Out of this experience came a novel, A Very British Coup, imagining what might happen if a left-wing politician like Benn were to become prime minister. It was the first of three novels he wrote, and he does not regard it as his best, but it was the one that had the biggest impact, because it was seen in 1982 as an insight into the mindset of the radical left. Later, just as left-wing radicalism was fading from public memory, the novel, which has been through six reprints, was turned into a highly acclaimed television drama, scripted by Alan Plater.

The other campaign which brought him to public attention was his lonely quest to prove the innocence of six Irishmen who had been jailed for life for mass murder, after IRA bombs went off in two crowded Birmingham pubs in 1974.

Many years later, the authorities admitted that all six were indeed innocent, but when Mullin set out to exonerate them, most people believed they were mass murderers who should never be allowed out of prison. When he claimed to have tracked down the real bombers, he was predictably challenged to name names, which he refused to do.

“I went down some very dark alleyways,” he said. “I interviewed about 17 people who had been in that line of business and I knew that in due course I would come to the actual bombers, which I did. It wasn’t an easy task. It was a bit nerve-racking, because when you knocked on a door six storeys up in a council estate in, say, Dublin, and said, ‘Hello, I have come to talk to you about your role in the Birmingham pub bombing,’ you couldn’t always be sure of the reception you were going to receive.

“I had many conversations, not merely with the guilty but with many innocent intermediaries, and that was always on the basis that whatever I was told would remain confidential. I didn’t feel that I could suddenly renege on those undertakings once it became convenient to do so.

“The police had a pretty good idea anyway who did it, but what they don’t have, and neither do I, is evidence that would stand up in court.”

Despite his status as a well-known author and political activist, and despite being right about the Birmingham Six, in that period before he entered Parliament in 1987, there were not many people willing to employ him. This worked to his advantage later, because when he was elected to Parliament, his salary was like a king’s ransom compared with what he had been earning before. He never felt he was underpaid – as so many MPs do – and was not tempted to augment his salary by milking the expenses system.

He also had a lucky break when a friend who had gone into the travel agency business started organising the first holiday tours to post-war Vietnam. Mullin had been there as a journalist, and was hired to make several more trips as a tour guide to Vietnam, and to Tibet. That provided material for his second and third novels.
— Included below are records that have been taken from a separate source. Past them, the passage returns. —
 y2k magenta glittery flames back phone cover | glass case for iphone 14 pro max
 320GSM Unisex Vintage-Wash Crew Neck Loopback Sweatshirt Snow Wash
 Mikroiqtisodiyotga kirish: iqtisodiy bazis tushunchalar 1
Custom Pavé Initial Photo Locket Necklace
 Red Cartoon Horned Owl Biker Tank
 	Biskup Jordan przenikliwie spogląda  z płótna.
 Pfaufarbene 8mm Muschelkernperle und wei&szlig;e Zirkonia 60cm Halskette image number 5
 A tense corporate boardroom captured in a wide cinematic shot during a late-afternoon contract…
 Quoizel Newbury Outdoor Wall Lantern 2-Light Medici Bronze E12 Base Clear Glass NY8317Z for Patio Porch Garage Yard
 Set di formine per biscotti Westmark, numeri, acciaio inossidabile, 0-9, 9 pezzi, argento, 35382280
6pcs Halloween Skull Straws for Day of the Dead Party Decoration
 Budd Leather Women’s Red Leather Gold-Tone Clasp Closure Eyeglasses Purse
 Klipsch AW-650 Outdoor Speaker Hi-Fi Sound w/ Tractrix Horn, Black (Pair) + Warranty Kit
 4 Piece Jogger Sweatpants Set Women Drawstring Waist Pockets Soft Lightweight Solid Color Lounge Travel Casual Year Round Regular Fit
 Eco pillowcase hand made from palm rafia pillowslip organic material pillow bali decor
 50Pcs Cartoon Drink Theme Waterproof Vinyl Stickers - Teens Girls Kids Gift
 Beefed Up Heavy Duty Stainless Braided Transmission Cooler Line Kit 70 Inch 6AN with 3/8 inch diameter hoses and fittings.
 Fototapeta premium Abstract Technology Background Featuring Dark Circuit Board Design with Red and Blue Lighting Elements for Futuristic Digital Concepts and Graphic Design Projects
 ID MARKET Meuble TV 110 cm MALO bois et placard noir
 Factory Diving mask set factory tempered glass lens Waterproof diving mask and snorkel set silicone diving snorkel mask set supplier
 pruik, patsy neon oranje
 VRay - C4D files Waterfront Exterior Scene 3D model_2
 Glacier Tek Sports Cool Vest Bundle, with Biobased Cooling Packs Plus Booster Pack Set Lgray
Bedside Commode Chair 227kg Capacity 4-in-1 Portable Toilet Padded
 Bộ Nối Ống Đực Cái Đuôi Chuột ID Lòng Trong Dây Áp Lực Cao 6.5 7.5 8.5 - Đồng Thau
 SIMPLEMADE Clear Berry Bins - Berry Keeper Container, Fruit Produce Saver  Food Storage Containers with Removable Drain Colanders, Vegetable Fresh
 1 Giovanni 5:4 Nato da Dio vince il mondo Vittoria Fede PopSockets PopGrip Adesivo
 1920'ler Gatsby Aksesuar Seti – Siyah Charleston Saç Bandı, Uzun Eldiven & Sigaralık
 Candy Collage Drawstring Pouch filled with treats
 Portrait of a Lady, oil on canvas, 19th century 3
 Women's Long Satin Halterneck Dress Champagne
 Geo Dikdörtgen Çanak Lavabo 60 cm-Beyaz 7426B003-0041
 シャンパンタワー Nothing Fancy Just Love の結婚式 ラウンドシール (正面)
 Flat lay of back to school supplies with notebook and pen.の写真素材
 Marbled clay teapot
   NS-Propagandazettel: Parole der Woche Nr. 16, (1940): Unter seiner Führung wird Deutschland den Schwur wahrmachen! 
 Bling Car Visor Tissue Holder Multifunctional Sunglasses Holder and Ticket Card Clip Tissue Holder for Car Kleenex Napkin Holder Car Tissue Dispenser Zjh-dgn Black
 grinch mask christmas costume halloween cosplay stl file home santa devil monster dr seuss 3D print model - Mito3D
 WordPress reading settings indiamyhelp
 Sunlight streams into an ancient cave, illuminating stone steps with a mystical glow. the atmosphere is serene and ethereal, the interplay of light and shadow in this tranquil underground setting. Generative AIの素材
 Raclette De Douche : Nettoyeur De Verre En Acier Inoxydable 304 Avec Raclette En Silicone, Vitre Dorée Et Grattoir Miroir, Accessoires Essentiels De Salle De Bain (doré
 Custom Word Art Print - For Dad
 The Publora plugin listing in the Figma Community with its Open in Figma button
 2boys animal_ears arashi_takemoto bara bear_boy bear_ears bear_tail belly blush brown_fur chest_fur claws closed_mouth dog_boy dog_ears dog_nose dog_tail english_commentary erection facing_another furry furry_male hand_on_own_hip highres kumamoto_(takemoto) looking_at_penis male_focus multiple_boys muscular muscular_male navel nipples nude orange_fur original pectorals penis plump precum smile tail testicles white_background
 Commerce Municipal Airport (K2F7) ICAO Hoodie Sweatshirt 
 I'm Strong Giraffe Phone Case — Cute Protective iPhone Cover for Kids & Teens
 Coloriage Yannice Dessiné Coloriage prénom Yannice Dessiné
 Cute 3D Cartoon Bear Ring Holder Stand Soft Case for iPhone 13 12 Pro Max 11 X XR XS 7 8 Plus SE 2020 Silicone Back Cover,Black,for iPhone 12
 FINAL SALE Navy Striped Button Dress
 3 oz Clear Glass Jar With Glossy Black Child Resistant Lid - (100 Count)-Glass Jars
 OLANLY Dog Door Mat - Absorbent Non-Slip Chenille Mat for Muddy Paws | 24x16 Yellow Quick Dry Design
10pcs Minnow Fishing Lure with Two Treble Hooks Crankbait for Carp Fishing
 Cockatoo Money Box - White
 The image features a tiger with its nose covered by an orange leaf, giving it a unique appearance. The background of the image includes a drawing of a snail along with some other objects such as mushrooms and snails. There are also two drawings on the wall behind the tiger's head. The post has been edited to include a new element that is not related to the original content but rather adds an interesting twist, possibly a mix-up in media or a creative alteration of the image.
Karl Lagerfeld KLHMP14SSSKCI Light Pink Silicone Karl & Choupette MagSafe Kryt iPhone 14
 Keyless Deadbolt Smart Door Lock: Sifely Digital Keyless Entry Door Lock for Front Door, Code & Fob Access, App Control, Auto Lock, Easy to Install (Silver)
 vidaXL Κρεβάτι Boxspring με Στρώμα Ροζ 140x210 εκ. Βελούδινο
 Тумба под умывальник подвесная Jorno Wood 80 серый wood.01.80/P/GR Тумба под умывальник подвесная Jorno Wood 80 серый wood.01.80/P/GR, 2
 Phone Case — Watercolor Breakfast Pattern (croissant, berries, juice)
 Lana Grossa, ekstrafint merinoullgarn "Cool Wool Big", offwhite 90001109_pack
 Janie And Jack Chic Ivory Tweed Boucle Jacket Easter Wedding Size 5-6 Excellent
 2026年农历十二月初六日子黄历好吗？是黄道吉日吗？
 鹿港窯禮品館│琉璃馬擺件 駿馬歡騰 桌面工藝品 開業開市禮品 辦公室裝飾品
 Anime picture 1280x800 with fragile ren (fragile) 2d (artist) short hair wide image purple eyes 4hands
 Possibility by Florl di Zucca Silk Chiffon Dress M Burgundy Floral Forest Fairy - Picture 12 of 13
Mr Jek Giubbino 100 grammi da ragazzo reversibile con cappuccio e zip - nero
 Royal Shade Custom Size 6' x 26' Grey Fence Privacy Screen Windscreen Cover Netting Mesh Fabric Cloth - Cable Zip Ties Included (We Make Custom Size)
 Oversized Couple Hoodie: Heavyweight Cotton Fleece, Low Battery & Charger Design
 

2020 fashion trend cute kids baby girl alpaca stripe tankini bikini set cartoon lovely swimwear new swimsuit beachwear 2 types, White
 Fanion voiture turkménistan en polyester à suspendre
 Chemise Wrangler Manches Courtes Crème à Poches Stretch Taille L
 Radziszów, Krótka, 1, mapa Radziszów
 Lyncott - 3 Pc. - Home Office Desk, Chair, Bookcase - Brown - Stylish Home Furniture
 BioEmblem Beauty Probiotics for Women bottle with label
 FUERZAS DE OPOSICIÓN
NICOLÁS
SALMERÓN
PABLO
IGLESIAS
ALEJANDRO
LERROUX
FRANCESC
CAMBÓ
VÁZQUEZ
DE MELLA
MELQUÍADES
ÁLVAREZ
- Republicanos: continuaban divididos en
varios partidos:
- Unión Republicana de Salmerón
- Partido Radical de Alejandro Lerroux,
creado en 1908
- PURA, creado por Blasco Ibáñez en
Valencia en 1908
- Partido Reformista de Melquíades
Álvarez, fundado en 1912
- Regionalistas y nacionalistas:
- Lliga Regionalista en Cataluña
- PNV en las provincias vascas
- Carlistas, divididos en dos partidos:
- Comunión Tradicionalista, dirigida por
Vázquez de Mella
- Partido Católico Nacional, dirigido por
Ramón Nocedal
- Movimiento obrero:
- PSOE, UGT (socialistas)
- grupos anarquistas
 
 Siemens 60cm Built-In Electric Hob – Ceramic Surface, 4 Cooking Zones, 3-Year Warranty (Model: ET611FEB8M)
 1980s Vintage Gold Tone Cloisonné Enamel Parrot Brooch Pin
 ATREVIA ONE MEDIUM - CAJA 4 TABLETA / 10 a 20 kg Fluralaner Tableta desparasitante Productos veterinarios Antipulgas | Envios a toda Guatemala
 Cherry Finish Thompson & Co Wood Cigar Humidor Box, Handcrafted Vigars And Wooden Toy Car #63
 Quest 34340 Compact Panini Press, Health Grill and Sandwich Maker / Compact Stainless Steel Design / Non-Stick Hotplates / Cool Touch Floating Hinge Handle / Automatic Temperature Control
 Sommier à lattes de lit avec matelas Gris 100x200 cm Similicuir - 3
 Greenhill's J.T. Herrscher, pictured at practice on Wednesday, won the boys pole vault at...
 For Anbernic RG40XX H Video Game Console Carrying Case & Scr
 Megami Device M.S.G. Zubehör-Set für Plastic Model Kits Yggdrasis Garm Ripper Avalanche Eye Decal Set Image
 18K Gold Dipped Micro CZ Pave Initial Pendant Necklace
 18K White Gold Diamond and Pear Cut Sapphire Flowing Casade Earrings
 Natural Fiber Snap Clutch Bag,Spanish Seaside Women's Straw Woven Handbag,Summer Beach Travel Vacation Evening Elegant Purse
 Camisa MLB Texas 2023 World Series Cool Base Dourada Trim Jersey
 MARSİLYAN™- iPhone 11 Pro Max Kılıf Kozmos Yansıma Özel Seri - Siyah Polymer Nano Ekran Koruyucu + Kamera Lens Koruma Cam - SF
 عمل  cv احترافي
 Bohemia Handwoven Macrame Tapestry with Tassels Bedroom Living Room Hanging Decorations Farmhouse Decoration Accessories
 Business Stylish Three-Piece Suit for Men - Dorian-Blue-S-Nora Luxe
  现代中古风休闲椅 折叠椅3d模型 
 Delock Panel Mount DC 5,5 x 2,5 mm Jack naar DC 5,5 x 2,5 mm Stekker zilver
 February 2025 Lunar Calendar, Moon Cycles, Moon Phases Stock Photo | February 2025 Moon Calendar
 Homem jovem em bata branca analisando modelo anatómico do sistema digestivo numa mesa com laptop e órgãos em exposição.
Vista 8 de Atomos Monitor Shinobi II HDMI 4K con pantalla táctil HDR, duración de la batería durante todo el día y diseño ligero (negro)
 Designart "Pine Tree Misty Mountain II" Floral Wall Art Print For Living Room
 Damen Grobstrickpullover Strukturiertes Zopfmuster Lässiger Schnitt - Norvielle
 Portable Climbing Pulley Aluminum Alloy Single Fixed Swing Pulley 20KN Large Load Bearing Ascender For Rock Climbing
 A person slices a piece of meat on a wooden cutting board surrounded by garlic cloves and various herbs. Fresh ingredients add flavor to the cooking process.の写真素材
His favourite, which was also the least successful commercially, is The Year of the Fire Monkey, about a CIA plot to send an agent into China, via Tibet, to kill Mao Tse-tung.

His fellow courier was Nguyen Thi Ngoc, who was born in a refugee camp near where her family still lives, in Vietnam’s central highlands, 600 miles north of Saigon. The area was controlled by communist guerrillas when she was a girl. They married, and have two daughters, the older of whom is now studying at Oxford University.

Now, you might think, Mullin at last has a chance to be in tune with the times. At 62, he is younger than some of the MPs who are planning to stay on. The expenses scandal has left the public crying out for MPs who are demonstrably not in it for the money, who think there is more point to politics than crawling up the ladder towards ministerial office.

And as defeat stares Labour in the face, here is a veteran who can offer first-hand advice on what not to do during your first years in opposition, should you want your party to be electable.

“I have very mixed feelings over whether I made the right decision or not,” he said. “In a year’s time, I may look back and say it was the best thing I ever did, or I may look back and say it was the biggest mistake of my life. I shall miss it, I do know that.

“I could have managed another term, but I thought it preferable to go when people are still asking ‘why?’ rather than ‘when?’.”